### EXTRACTED ENTRIES
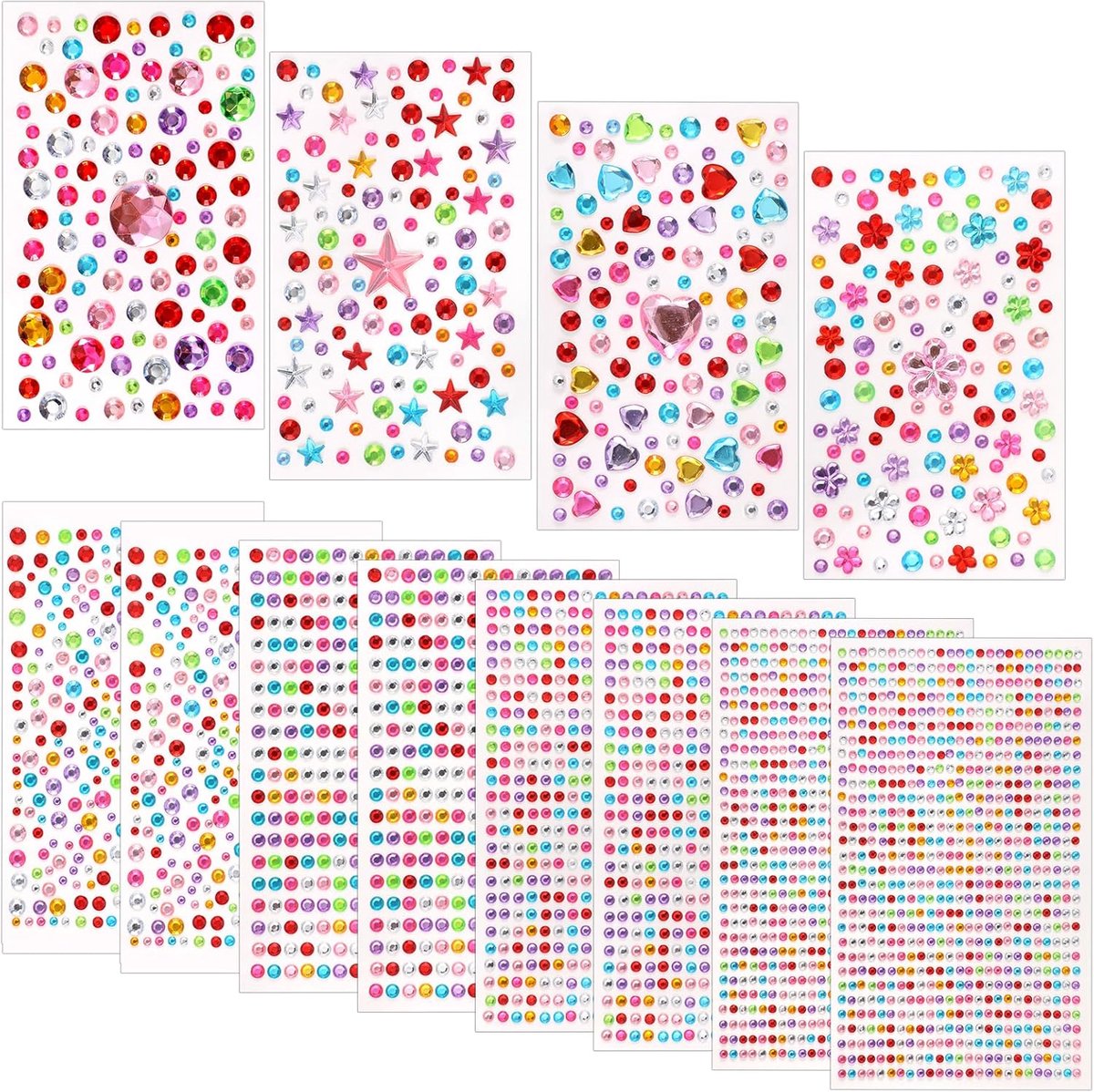 Glitterstenen Set - Strass-steentjes - Knutselen en Decoreren - Zelfklevend en Veelzijdig - 4162 Stuks - Kleurrijk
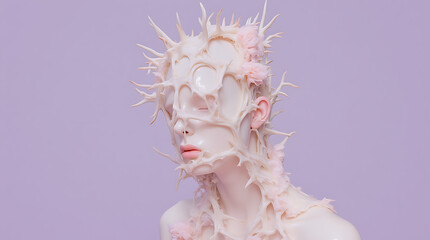 Person with Artistic Headpiece Resembling Antlers and Pink Floral Elements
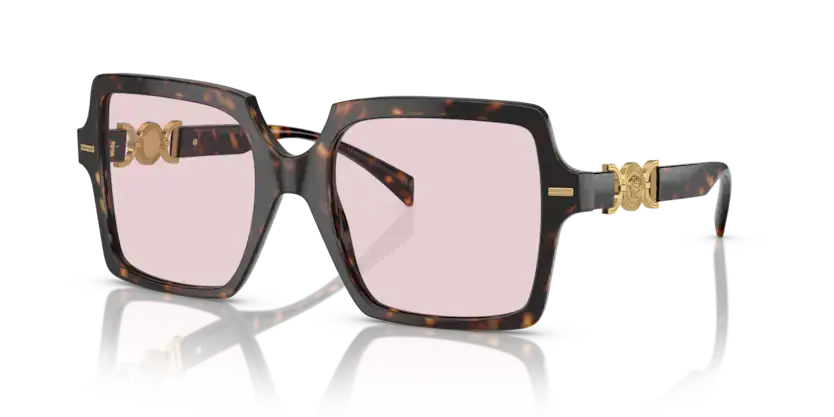Versace 0VE4441 sunglasses featuring a tortoiseshell design and gold accents with pink lenses, stylish and chic eyewear.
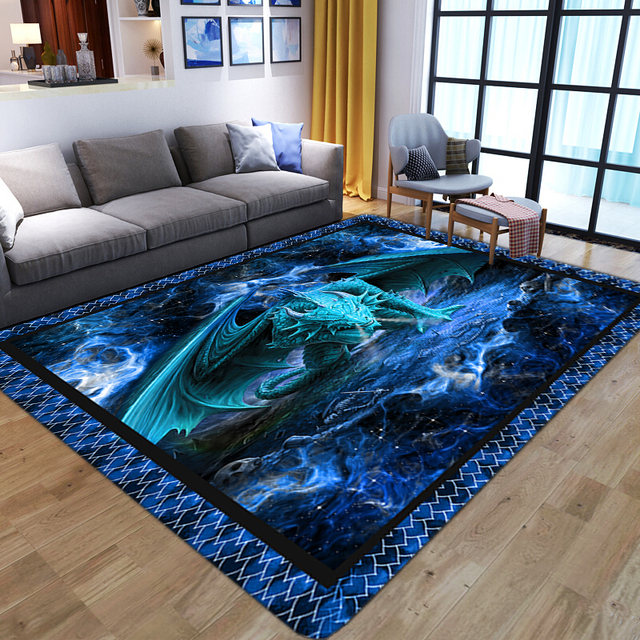 Kreatywny dywan 3D smok dla domu salonu i sypialni - miękka flanelowa mata antypoślizgowa - Wianko - 6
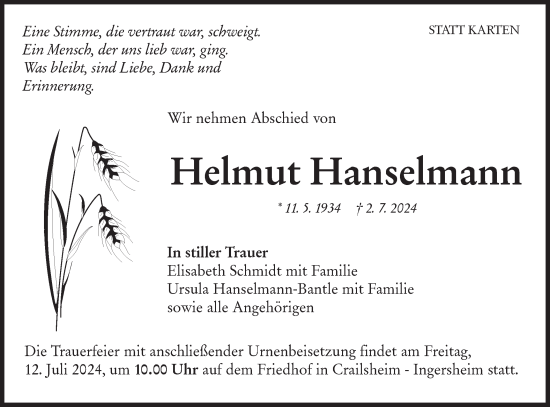 Traueranzeige von Helmut Hanselmann von Hohenloher Tagblatt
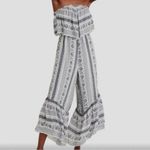 American Eagle Womens XS Jumpsuit White Blue Floral Strapless Wide Leg Palazzo Photo 6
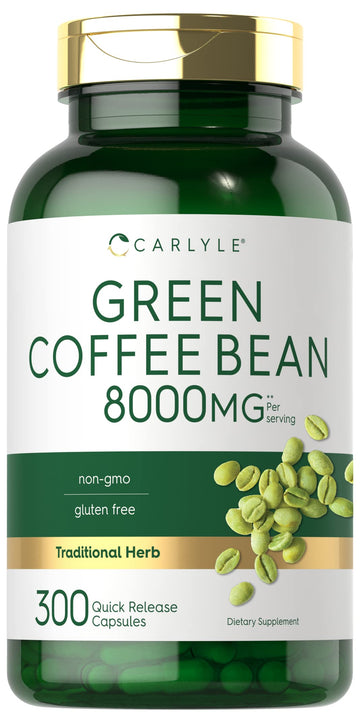 Carlyle Green Coffee Bean Extract | 8000 mg | 300 Capsules | Non-GMO and Gluten Free Carlyle buy supplements canada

### INSTRUCTIONS FOR THE TASK
Retype the records above word for word, from their first line through the line containing "Person with Artistic", and leave out every picture.

### TASK RESPONSE
 Glitterstenen Set - Strass-steentjes - Knutselen en Decoreren - Zelfklevend en Veelzijdig - 4162 Stuks - Kleurrijk
 Person with Artistic Headpiece Resembling Antlers and Pink Floral Elements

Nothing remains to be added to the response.